As a conservative who holds governments accountable for a living, I support Orange-Osceola State Attorney Aramis Ayala’s announcement to suspend the death penalty’s use. Our political beliefs may differ, but when it comes to capital punishment, the State Attorney and I are in perfect alignment.

Ayala is correct in saying Florida’s death penalty system is broken. And conservatives should agree. The indisputable fact, regardless of your politics, is that the state’s record on capital punishment is abysmal.

Whether the issue is innocence, the impact on murder victim’s families, or the high cost, Florida’s death penalty system has failed – especially when we as conservatives apply our core principles of individual liberty and limited government to capital punishment.

Florida has wrongly convicted and sentenced more people to die than any other state.

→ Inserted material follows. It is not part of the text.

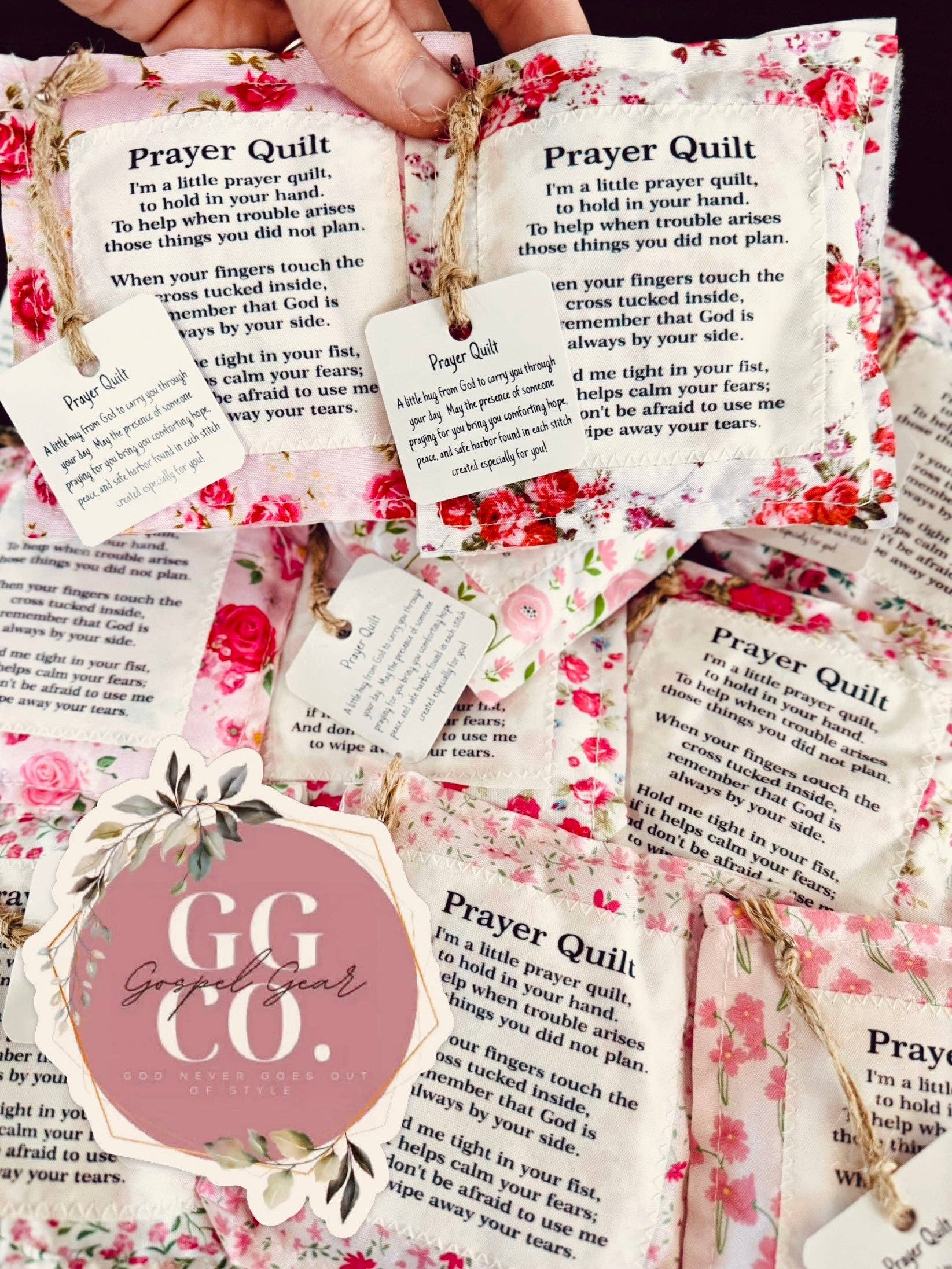 Gospel Gear Co - Wholesale Quilt - Floral Pink Pocket Prayer Quilt3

Twenty-six people, some of whom spent decades facing execution at the hands of their own government, have been set free since the state resumed capital punishment in 1972. Liberty-loving Florida conservatives are increasingly deciding that the very real prospect of letting the government kill innocent people is unacceptable.

Limited government? I don’t think so. Government run amok is more like it.

To keep the machinery of death operating, the state is violating the spirit of its open government “sunshine laws.” As sources for Florida's lethal-injection mix have dried up, the Department of Corrections has refused to say how it is obtaining the drugs and won’t reveal how much the state has stockpiled. I don’t know about you, but the mere thought of government operating in secret – with no oversight or accountability – when lives are on the line sends a chill down my spine.

Florida taxpayers are also paying a high price for the state’s irreparably broken death penalty. More than a dozen states have discovered that capital cases are up to 10 times more expensive than other similar noncapital cases due to up front defense and prosecution costs, appeals, and incarceration. But even with nearly 400 death row inmates, Florida has never made a serious attempt to determine the fiscal impacts. Legislative quick fixes in the wake of court rulings have just ratcheted up the costs. Fiscal conservatives should be appalled.

One stunning fact is that most Florida counties have already stopped using the death penalty. Just six of Florida’s 67 counties account for more than half of the state’s 89 executions. Four of those counties have been branded as “outliers” for their overuse of capital punishment. Orange County, prior to Aramis Ayala’s election, was among them. (Miami-Dade, Duval, and Pinellas are the others.)